We are only going to do out analysis on the migrants whose destination is the US, so we filter US using subset. We then remove the US column which is now redundant as this dataset only contains data for US as destination.
We then convert the data to long format.
Although the column numbers which contains migration numbers is stated numeric, the commas in between will cause problems when analysing, so we remove those commas.
migrant1<-subset(migrant, destination=="United States of America") #only filter the US Data
migrant1<-migrant1[,-2] #Removing the US column as this data is all about US as destination
migrant1<-migrant1%>%
gather(key="country", value="numbers", Afghanistan:Zimbabwe) #convert to long format
migrant1<-na.omit(migrant1) #remove the NAs
str(migrant1)
## 'data.frame': 1050 obs. of 3 variables:
## $ year : chr "1990" "1995" "2000" "2005" ...
## $ country: chr "Afghanistan" "Afghanistan" "Afghanistan" "Afghanistan" ...
## $ numbers: chr "28,444" "37,312" "46,342" "51,965" ...
## - attr(*, "na.action")= 'omit' Named int 22 23 24 25 26 27 28 29 30 31 ...
## ..- attr(*, "names")= chr "22" "23" "24" "25" ...

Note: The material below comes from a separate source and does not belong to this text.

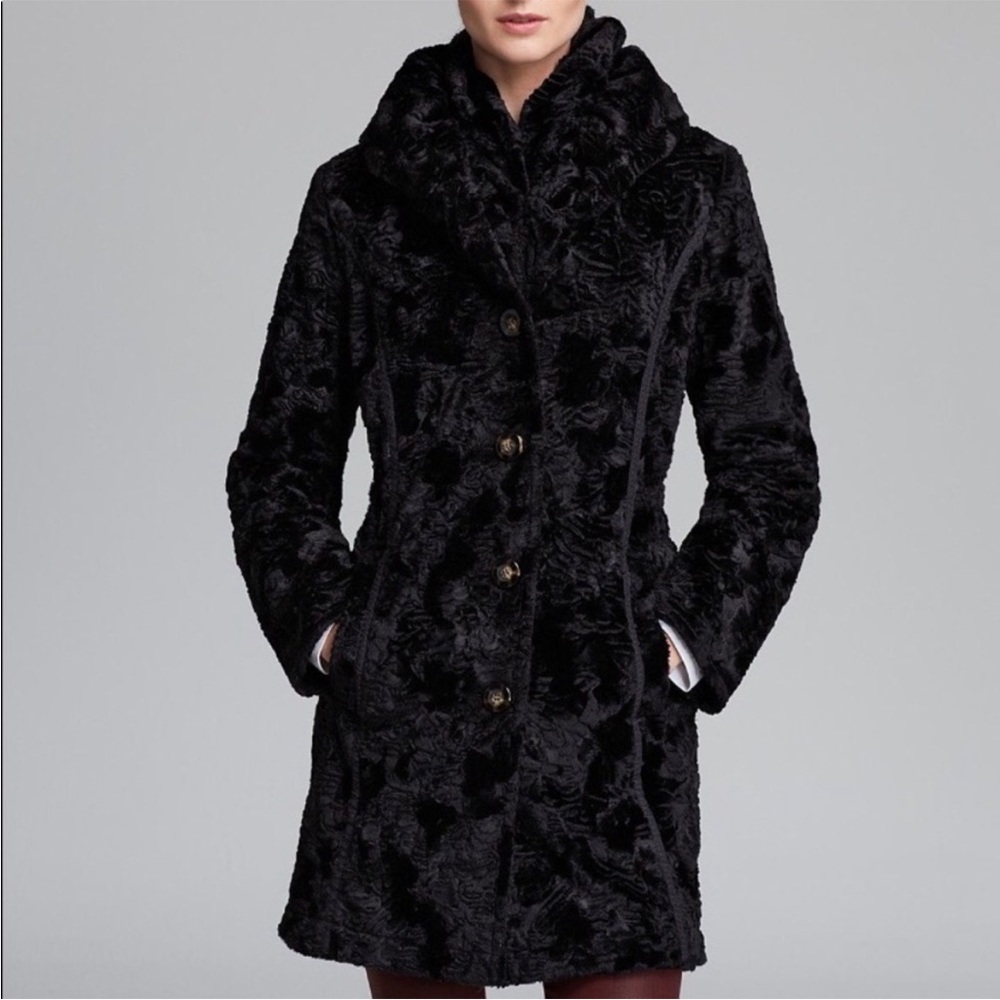 Laundry by Shelli Segal reversible, soft, warm beautiful coat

migrant1$numbers<- as.numeric(gsub(",", "", as.character(migrant1$numbers))) # convert character to numeric so summarization and other analysis may be done.
1)Top ten places where immigrants came from in the last 19 years to the US
We can see that the top three countries where immigrants came from in the last 19 years are Mexico, China and Puerto Rico.
migrant2<-migrant1%>%
group_by(country)%>%
summarize(totalmigrants=sum(numbers))%>%
top_n(10,totalmigrants)%>%
arrange(desc(totalmigrants))
migrant2
## # A tibble: 10 x 2
## country totalmigrants
## <chr> <dbl>
## 1 Mexico 66449196
## 2 China 12287459
## 3 Puerto Rico 10995652
## 4 Philippines 10941865
## 5 India 10471258
## 6 Viet Nam 7344249
## 7 Cuba 7010218
## 8 El Salvador 6925286
## 9 Republic of Korea 6441503
## 10 Canada 5746699
Have migration patterns changed in the last 5 years?

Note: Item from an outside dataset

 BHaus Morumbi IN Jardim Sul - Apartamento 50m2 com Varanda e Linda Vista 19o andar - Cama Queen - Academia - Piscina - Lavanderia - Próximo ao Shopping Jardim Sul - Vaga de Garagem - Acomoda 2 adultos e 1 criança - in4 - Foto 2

In the last three years, we see that the top 3 countries whose citizens are migrating to the US are Vietnam, Korea and Guatemala accounting for almost 35% of total migration into the US.
migrant3<-migrant1%>%
filter(year>=2014 & year<=2019)%>%
group_by(country)%>%
summarize(totalmigrants=sum(numbers))%>%
mutate(percent=totalmigrants/sum(totalmigrants)*100)%>%
top_n(10,percent)%>%
arrange(desc(percent))
ggplot(migrant3, aes(x = country, y = percent, fill=country )) +
geom_col(position = "dodge") +
ggtitle("US: Top ten countries by immigrants from 2014 to 2019")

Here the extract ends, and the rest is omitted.